WHAT TO WORK ON: The answer is the exact run of lines in the listing below from the line containing "shopping day Cyber" up to and including the line containing "آموزش نقاشی پاستل آسمان و درخت و دختر", with pictures removed.

[RECORDS SUPPLIED — start]

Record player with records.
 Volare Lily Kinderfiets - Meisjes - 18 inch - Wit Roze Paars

[RECORDS SUPPLIED — finish]
[RECORDS SUPPLIED — start]

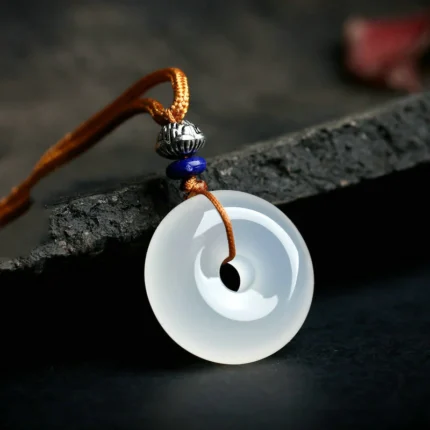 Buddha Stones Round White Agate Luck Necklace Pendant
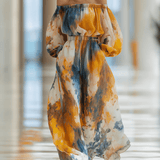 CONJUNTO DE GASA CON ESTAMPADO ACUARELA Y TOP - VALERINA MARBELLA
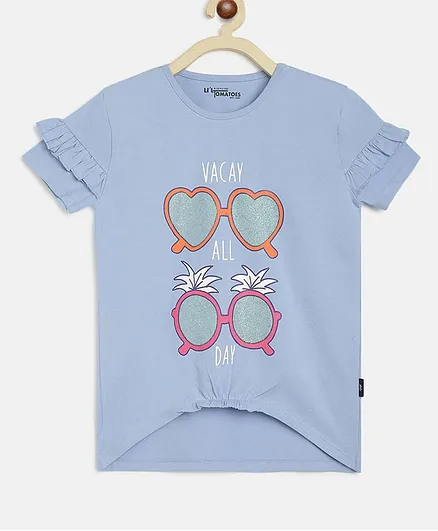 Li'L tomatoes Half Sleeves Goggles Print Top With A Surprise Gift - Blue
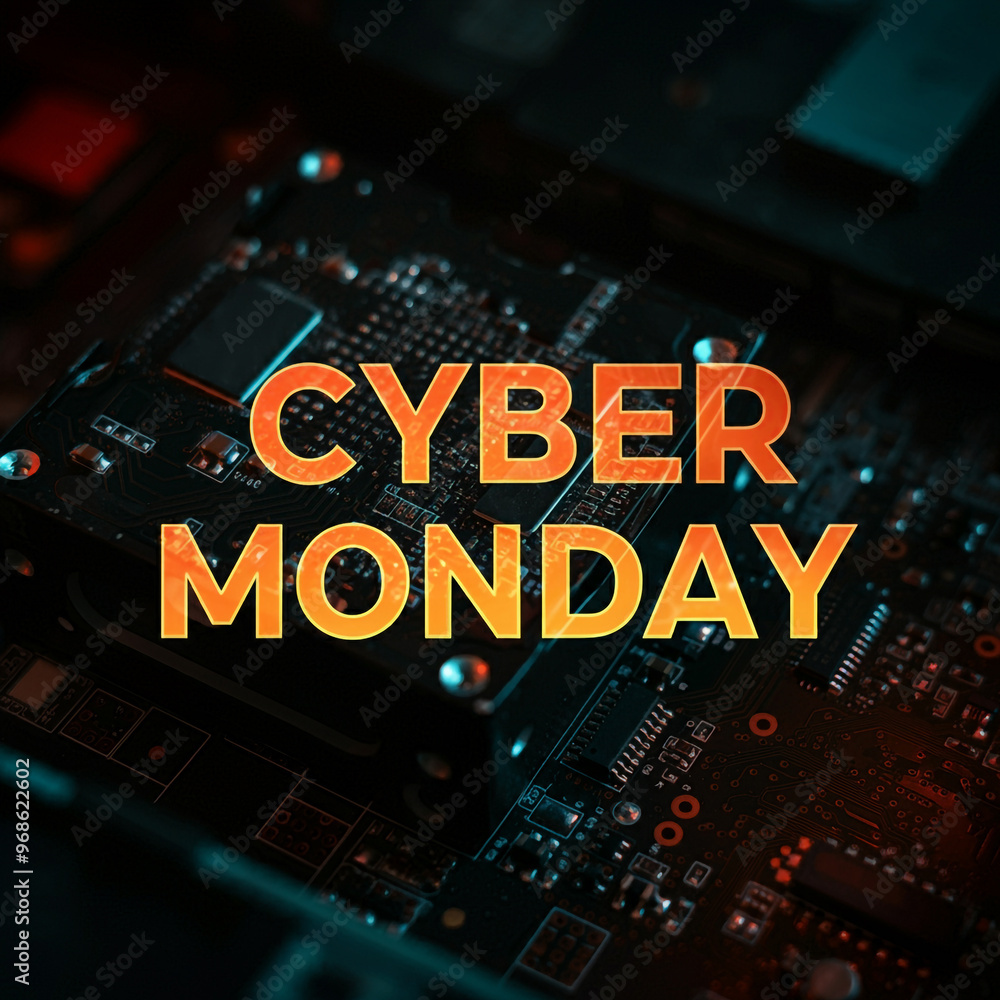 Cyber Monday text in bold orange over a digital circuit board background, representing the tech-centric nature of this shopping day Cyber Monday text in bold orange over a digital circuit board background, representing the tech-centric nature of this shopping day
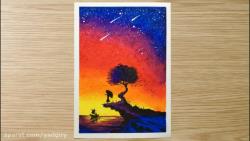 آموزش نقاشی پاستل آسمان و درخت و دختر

[RECORDS SUPPLIED — finish]

THE ANSWER:
 Cyber Monday text in bold orange over a digital circuit board background, representing the tech-centric nature of this shopping day Cyber Monday text in bold orange over a digital circuit board background, representing the tech-centric nature of this shopping day
 آموزش نقاشی پاستل آسمان و درخت و دختر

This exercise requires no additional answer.